HTC Vive VR
Working with Valve and SteamVR my HTC Advanced Concepts team developed and brought to market the first viable consumer VR to market with 2nd-gen room-scale play space and the first fully immersive controllers.
Valve had these now famous VR dev rooms for their deep research with QR codes pasted everywhere you look. The camera on your head looked at all those QR codes to drive back positioning data fast enough to re-fresh the low-latency displays to not make you famously VR nauseous. People would come out of these first demos and sometimes cry with emotion of the whole body immersive experience.
This pic of me having the Portal robots hovering and shooting at me while I duck and hide behind barriers- the most thrilling and interactive demo yet that made you desperately want for your own VR controller to shoot back. That was the next demo.
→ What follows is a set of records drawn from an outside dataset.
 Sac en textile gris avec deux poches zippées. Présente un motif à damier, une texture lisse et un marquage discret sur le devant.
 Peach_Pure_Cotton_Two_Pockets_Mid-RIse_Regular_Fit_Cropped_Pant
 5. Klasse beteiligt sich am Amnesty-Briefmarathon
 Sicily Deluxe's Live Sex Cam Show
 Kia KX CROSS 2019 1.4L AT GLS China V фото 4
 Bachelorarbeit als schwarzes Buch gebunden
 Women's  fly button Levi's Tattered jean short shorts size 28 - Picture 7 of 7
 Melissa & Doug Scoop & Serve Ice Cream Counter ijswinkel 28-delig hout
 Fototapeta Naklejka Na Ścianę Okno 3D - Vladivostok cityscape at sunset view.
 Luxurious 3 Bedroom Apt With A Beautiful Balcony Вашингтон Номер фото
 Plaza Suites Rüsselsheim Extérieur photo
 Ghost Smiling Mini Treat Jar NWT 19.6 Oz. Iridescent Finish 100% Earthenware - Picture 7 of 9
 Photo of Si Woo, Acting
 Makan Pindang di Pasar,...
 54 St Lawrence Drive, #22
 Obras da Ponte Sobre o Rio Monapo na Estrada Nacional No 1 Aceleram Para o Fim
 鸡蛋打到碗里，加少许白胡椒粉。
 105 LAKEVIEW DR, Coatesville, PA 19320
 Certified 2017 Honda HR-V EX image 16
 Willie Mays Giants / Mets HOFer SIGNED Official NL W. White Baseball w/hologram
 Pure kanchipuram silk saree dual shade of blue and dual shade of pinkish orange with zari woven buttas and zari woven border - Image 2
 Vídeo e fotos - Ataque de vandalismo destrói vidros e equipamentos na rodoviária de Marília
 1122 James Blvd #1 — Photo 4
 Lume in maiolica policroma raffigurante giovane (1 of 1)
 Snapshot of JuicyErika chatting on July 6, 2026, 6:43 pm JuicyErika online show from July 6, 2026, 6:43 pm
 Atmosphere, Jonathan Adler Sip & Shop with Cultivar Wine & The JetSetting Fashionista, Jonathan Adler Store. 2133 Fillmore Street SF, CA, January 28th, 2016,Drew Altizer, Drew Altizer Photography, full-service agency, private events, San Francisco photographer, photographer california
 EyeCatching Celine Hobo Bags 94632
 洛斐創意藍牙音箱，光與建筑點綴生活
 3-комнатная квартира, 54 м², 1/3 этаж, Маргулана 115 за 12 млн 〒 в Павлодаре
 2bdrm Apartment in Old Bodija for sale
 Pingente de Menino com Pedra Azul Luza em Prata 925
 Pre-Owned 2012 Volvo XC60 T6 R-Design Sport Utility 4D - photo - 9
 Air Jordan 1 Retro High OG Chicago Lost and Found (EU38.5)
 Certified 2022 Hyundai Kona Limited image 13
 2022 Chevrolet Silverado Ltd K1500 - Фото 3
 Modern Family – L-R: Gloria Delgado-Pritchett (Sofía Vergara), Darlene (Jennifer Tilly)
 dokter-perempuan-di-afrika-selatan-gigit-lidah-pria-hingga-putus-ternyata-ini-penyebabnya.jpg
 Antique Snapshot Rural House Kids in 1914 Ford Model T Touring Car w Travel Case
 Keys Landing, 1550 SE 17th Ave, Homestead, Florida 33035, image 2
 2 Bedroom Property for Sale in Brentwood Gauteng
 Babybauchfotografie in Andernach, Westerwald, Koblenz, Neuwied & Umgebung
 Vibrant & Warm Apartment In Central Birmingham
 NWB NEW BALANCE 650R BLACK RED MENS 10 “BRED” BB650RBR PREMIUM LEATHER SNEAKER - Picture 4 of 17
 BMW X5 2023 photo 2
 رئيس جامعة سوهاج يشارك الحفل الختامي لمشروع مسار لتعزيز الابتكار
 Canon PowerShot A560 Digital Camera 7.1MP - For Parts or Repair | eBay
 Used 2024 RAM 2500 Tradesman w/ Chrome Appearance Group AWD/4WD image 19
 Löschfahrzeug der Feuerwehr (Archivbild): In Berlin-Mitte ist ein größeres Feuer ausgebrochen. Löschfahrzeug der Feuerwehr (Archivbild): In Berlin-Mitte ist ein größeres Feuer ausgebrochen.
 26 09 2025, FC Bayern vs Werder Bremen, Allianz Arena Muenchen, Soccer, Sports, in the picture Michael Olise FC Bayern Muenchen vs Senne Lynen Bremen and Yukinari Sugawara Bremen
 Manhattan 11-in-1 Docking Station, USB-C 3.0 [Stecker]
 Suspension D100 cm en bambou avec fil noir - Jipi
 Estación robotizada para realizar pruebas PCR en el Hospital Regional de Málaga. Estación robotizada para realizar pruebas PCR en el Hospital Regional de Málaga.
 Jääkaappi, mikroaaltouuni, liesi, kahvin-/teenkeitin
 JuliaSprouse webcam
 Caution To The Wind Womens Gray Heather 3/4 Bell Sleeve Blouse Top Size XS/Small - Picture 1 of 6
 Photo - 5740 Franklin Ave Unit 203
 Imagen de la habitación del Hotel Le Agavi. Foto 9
We kicked off the consumer hardware development with Valve and early VR developers in the fall to plan for announcing and demoing the Vive dev kits at GDC behind closed doors in the spring to spoil Oculus’s forthcoming launch.
Verge Review of the debut units
HTC Vive launched spring 2016 as the first complete room-scale VR system. We had laser scanning “Lighthouse” tracking cubes that you set in the corner of a room that delivered flawless full room-scale VR tracking including 6DOF hand controllers - 18 months before Oculus would have controllers.